The MGA space is thriving at the moment, and our size and agility mean that we can offer levels of service that many Insurers can’t, with a laser focus on niche classes of business that gives us an edge in a busy market.
What is the biggest challenge of running an MGA?
Underwriting capacity has been a big challenge for many MGAs, particularly over the past two years as the market has hardened.
Markets can change their risk appetite, despite the performance of your own book; this can sometimes be as a result of experiences they’ve had in other jurisdictions, but it does introduce an element of vulnerability to the MGA model.
However, running clean books of business, sustainably priced and designed to provide high value to customers, will always make an MGA attractive to other Insurers. Having a strong panel of Insurers in place, as we do, also helps here.

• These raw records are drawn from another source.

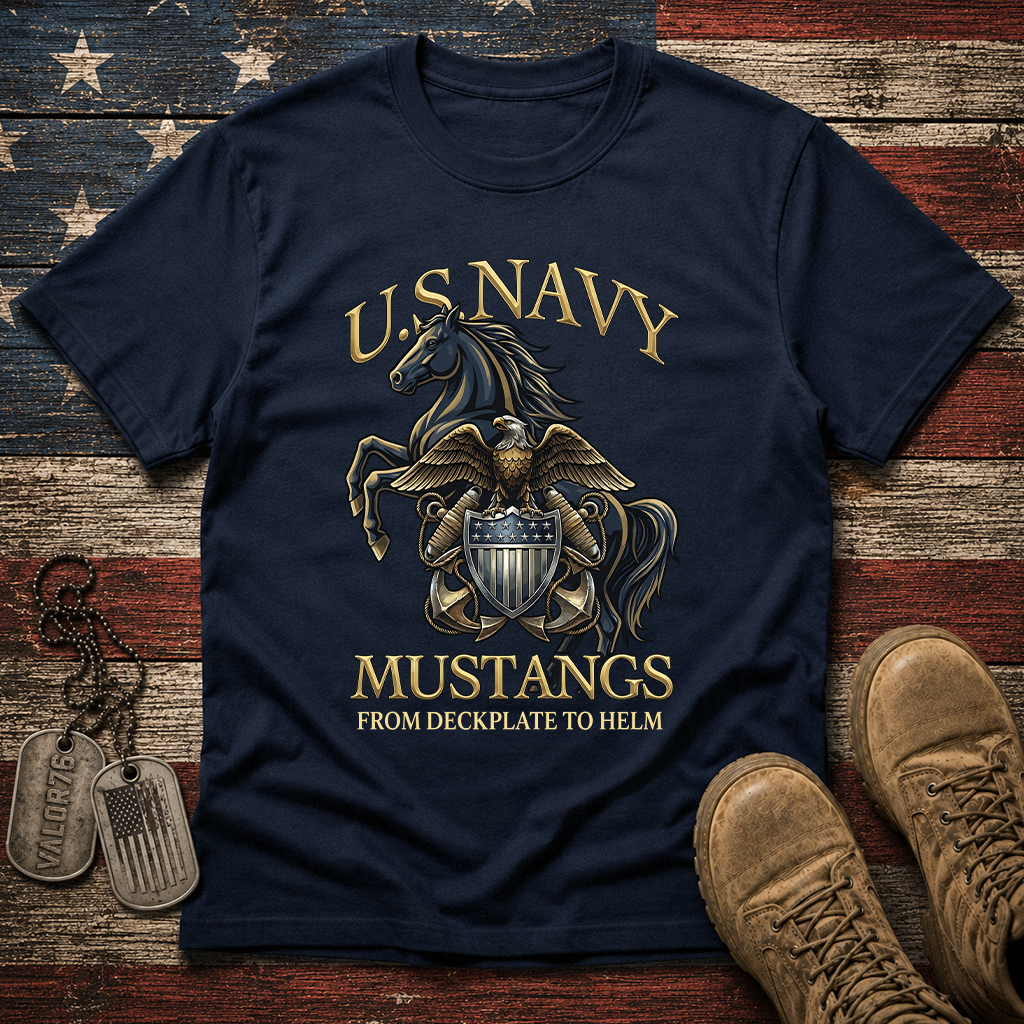 Navy Mustang From Deckplate To Helm Classic Tee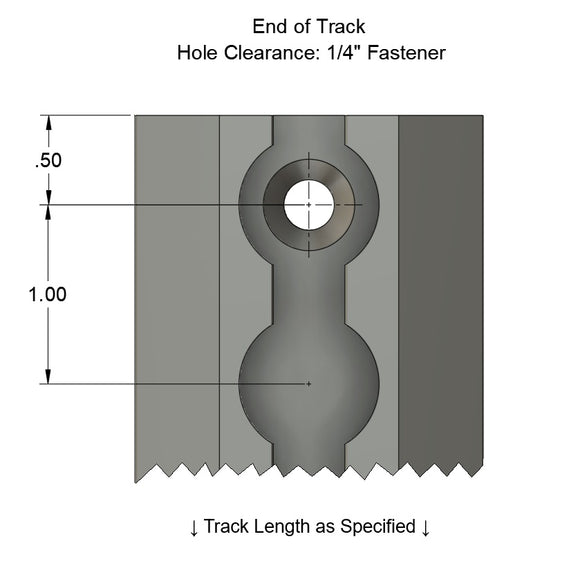 L-Track – With Hardware Mounting Holes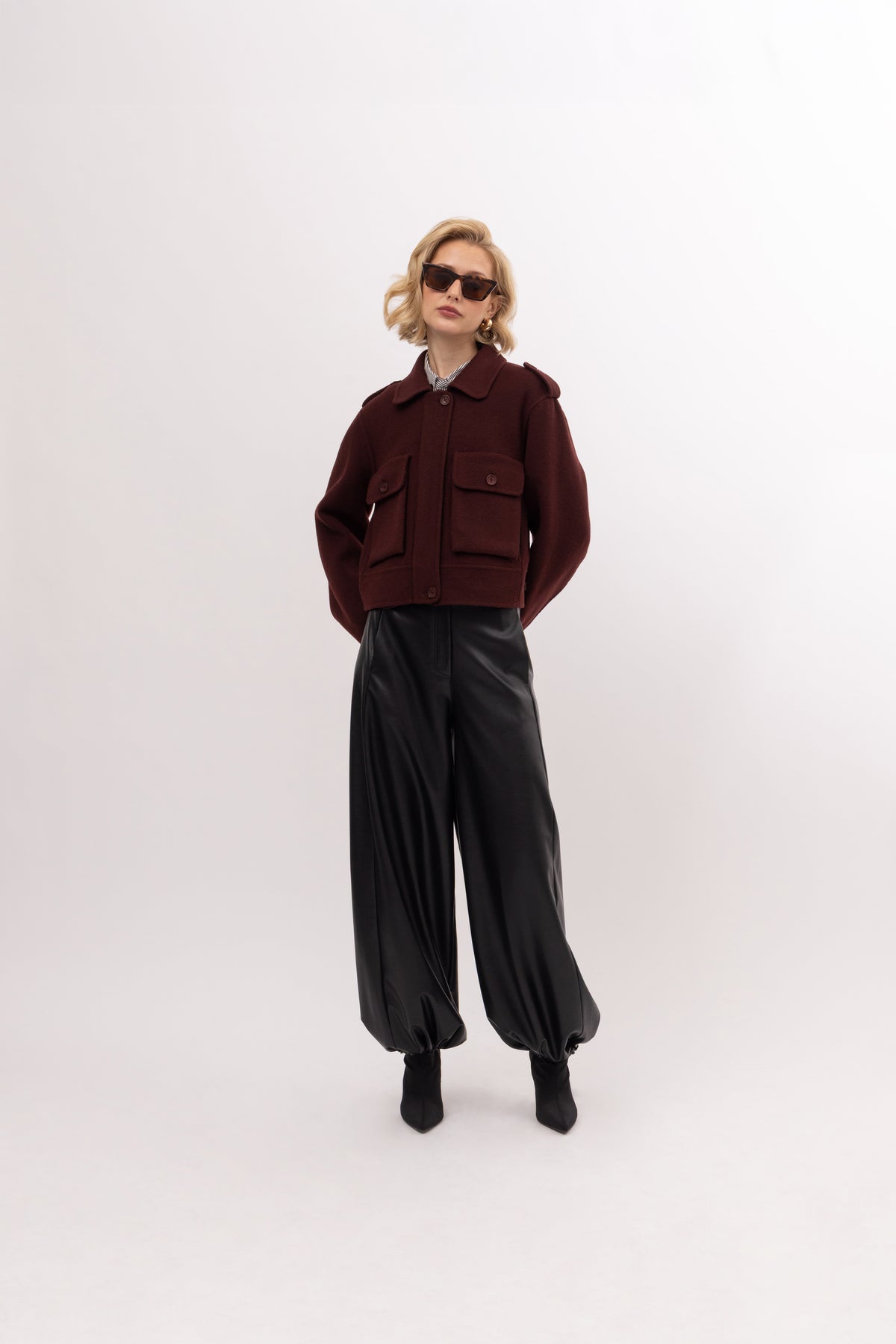 Double-Face Wool Jacket in Merlot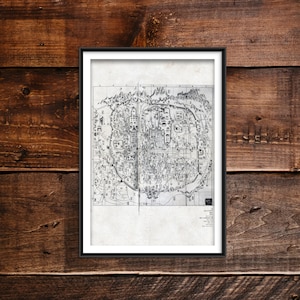 Reproduction of a Vintage Map of Seoul, South Korea 2 - Photo Poster Print Wall WoodBG Decor Art Street Home Old Archive Cartography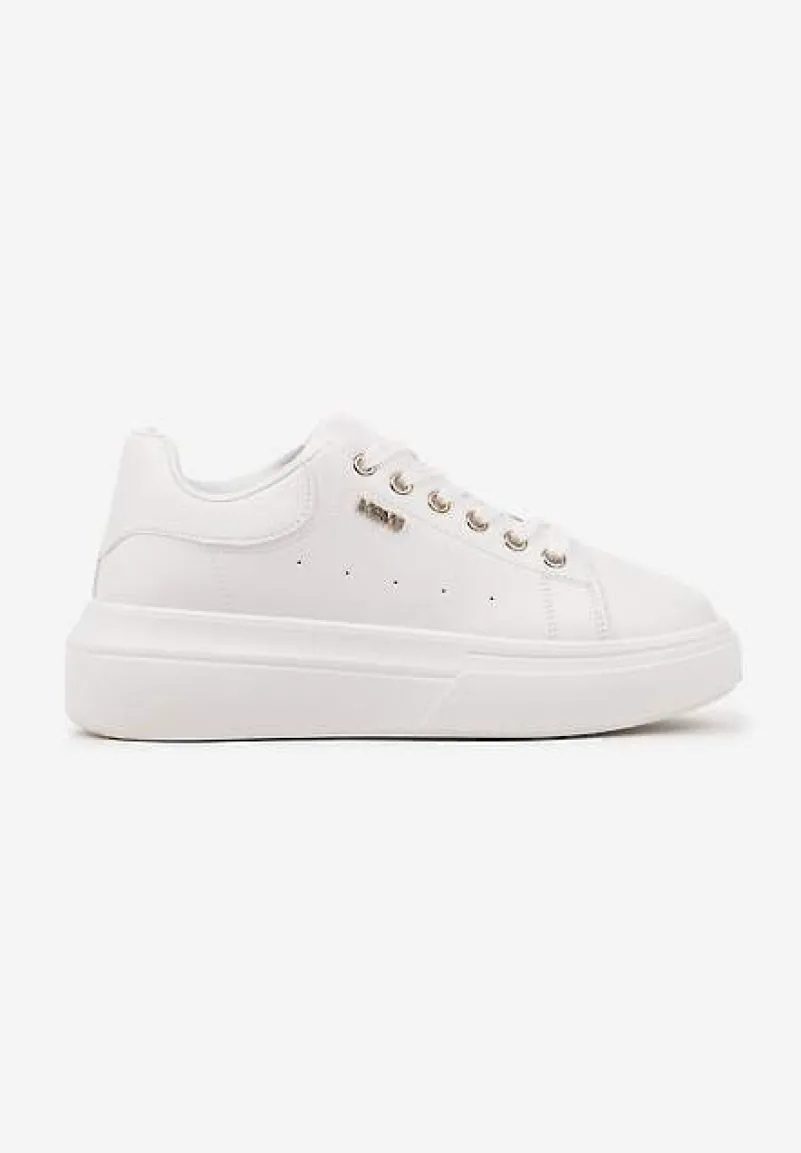 Białe Sneakersy na Niskim Koturnie Zdobione Metalicznymi Wstawkami Alirisa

What is your view on why an MGA is a value-adding player in the insurance value chain, not just an unnecessary intermediary that adds to the final cost of insurance?
The purpose of a ’true’ MGA is to provide Insurers with the ability to participate in markets in which they have limited in-house experience. If we look at the ancillary market for instance, not many core Insurers know how to write or service these products. However, they add a great deal of value to their core offering. The specialist knowledge required to build and service niche solutions is therefore the greatest value that MGAs bring to the wider market.
What is the greatest benefit that embracing technology has provided for your MGA?
The ability to quickly develop and introduce innovative solutions to improve customer service. We’ve revolutionised the ways in which customers can access their products by introducing digital channels and a range of ways for them to get advice and submit a claim. The ancillary market was behind the curve in comparison to general insurance, but we’ve learned a lot from them and are now forging ahead to meet our customers’ ever-changing needs.
We’ve also invested heavily in technology to enable our partners to clearly see how our products are performing for their customers. This investment has paid dividends in light of the FCA’s recent Value Measures initiative, allowing us to quickly respond to our partners’ and Underwriters’ additional data requirements to meet their regulatory obligations.
Where would you suggest a person who wants to establish an MGA to start finding a capacity provider? What other challenges lie ahead on that journey?
In the UK and with Rated Insurers. There are still distribution chains that run the gauntlet of using off-shore, unrated paper which is frustrating. However, corporate partners are now far more selective about underwriting security, and those in it for the long term will take a more cautious approach.
One big challenge for a start-up MGA is that Insurers are increasingly actuarial, rather than Underwriter-led, and as such want granular data to inform their risk appetite and pricing. This is challenging for start-ups, as they will have no legacy data that they can (legally) provide. The underwriting market is therefore limited to Insurers that have their own experience in the class of business that the MGA is going to write. If your risk management model is radically different, however, and of course you would expect it to be better, an Insurer’s legacy data isn’t necessarily helpful, but can at least provide a starting point for discussion.
One of the founding members of Arc Legal Assistance back in 2003, Richard Finan has over 30 years of experience in the Legal Expenses Insurance and assistance markets. Their vision was to modernise this area of the market and launch a unique new business model to streamline the claims process and create a robust, effective risk management framework.
Now as the group’s Director of Strategic Development, Richard has a strong focus on business growth and has overseen the strategic expansion of the group in recent years as new lines of business have been introduced, and partnerships formed with some of the UK’s leading insurance businesses and affinity groups.
Today, Arc Legal Group is a one-stop shop for ancillary products and services, providing over 23 million policies and servicing over 45,000 claims each year.